Output the line containing "At this point, you" and each line after it through the end of the data, exactly as written, with pictures left out.

-- Opening Marker --

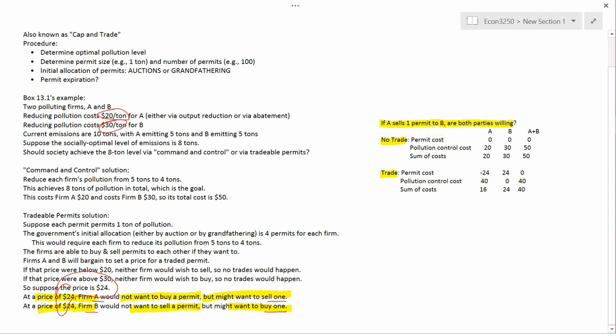And see if trading makes the firms better off. What I want to prove is that a trade would make both A better off and B better off. Since the trade makes both of them better off, we assume that the trade would happen. And then we want to see whether society cares at all.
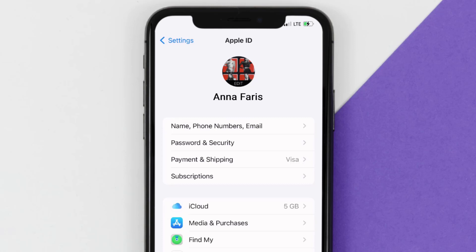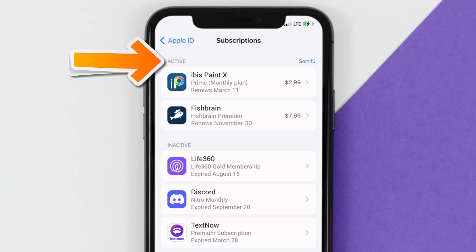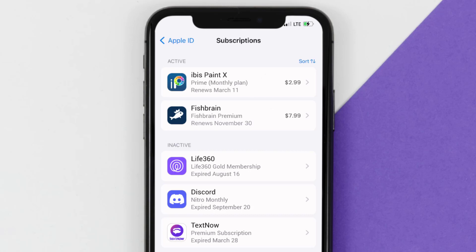From here, you're simply going to choose the subscriptions option, and then give it a moment to load. Over here, you'll then get a list of all of your active subscriptions, and underneath that are your expired ones as well. And you'll also see dates for when that next payment is due to be taken from your account.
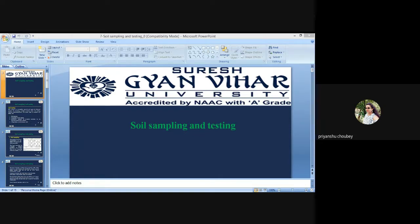Hello everyone, this is Priyansu Shabra, assistant professor of Suresh B. Aniha University. Today we will talk about soil sampling and dusting method. According to this topic, we will discuss the depth of sampling, soil sampling process and sampling tools, precautions and collection and storage of samples, labelling of samples, information sheets, registration of samples in a laboratory, and drying and sieving of soil samples for analysis.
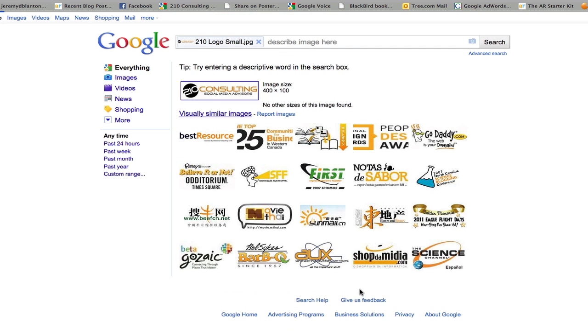But once again, this is a new feature from Google images. I think it's pretty cool and a great way to monitor your online presence, make sure that people aren't stealing your graphics without permission. So check it out. Tell me what you think in the comments below.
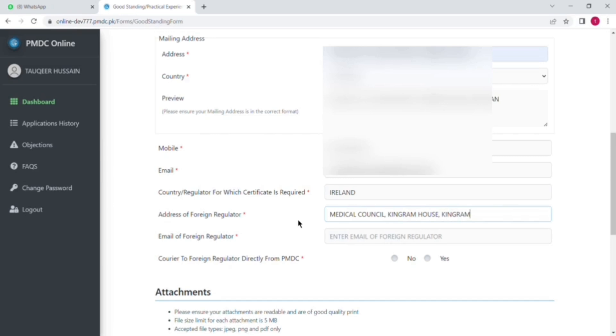So after selecting the address, next option is email of foreign regulator. You have to add the email of your country. Like I am applying for Ireland, I will put that email address. That is also given when you apply to the IMC website.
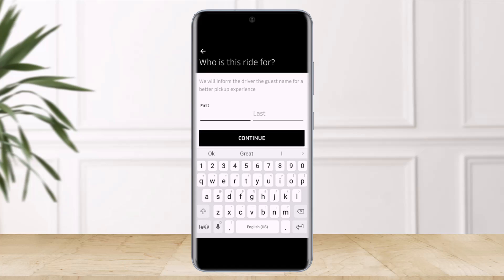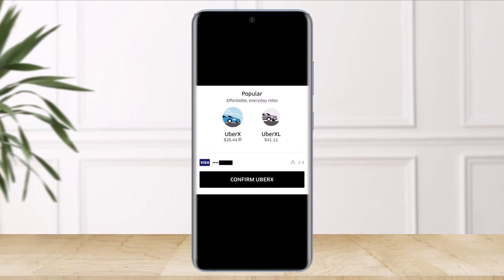Next, enter the location where the Uber driver should pick your friend up, and then choose where they should drop them off. You will also be able to select within UberX, which is a cheaper option with cars that seat four or more people, and Uber XL if your friend needs a larger vehicle like minivans and SUVs.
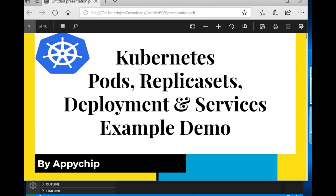Hello everyone. In this tutorial we are going to learn about pods, replica sets, deployments, and services in Kubernetes. We'll also see an example demo for all of these. Before proceeding, we recommend you watch our tutorial on how Kubernetes works. I assume that you have basic knowledge about Kubernetes, Docker, and how to run containers.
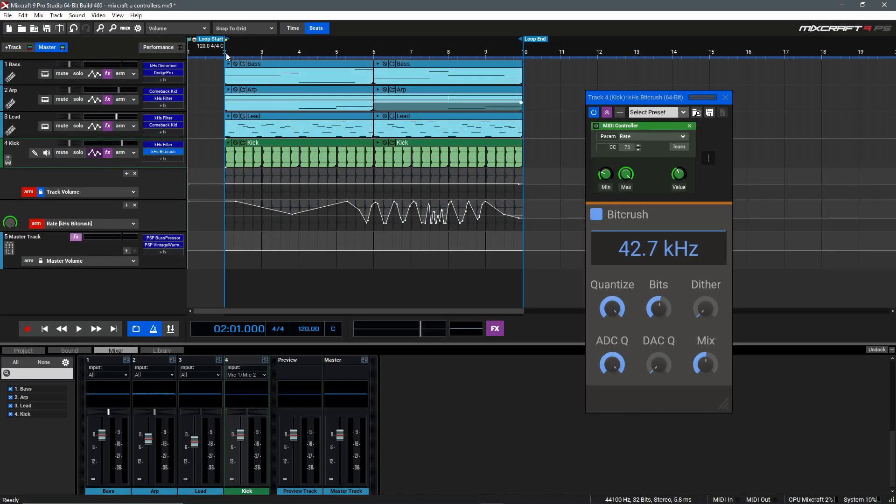At this point, you should understand how to use the various controller types inside of Mixcraft for your plugins. And that wraps everything up for this video, so thanks for watching.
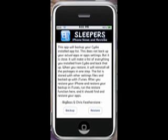Then you'll get this simple page. This is only going to back up your Cydia installed app list, so you're going to want to make sure you back it up on iTunes for all your other things. It's not going to do everything, but it'll do a lot of it.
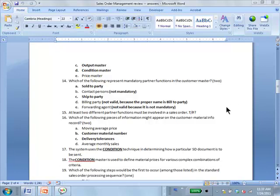'At least two different partner functions must be involved in a sales order' — false. In other words, sold-to party, ship-to party, and bill-to party could all be the same entity. Most of the time, in fact, that will probably be the case.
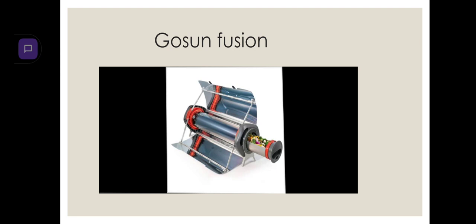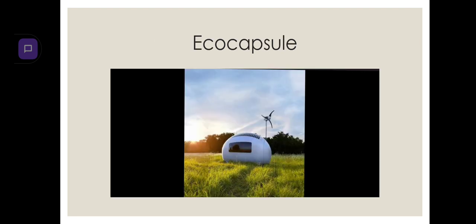Gosun Fusion. We all love barbecues. Because the top is open, instead of cooking the food, it will go into the air, decreasing the air quality. Gosun Fusion is a device which won't let this happen. It will use the energy from the sun to cook the food.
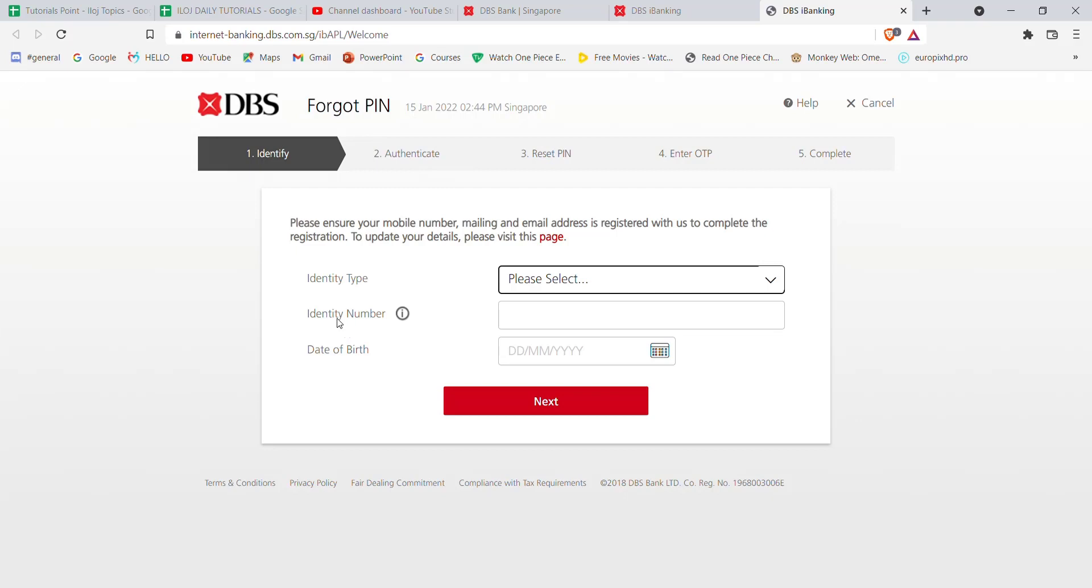I hope this video helped you to reset your PIN in the DBS Bank. Don't forget to like, share, and subscribe to the channel for more useful tutorials. Thank you for watching.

-- Closing Marker --

Finished task:
At this point, you should understand how to use the various controller types inside of Mixcraft for your plugins. And that wraps everything up for this video, so thanks for watching.
Then you'll get this simple page. This is only going to back up your Cydia installed app list, so you're going to want to make sure you back it up on iTunes for all your other things. It's not going to do everything, but it'll do a lot of it.
'At least two different partner functions must be involved in a sales order' — false. In other words, sold-to party, ship-to party, and bill-to party could all be the same entity. Most of the time, in fact, that will probably be the case.
Gosun Fusion. We all love barbecues. Because the top is open, instead of cooking the food, it will go into the air, decreasing the air quality. Gosun Fusion is a device which won't let this happen. It will use the energy from the sun to cook the food.
I hope this video helped you to reset your PIN in the DBS Bank. Don't forget to like, share, and subscribe to the channel for more useful tutorials. Thank you for watching.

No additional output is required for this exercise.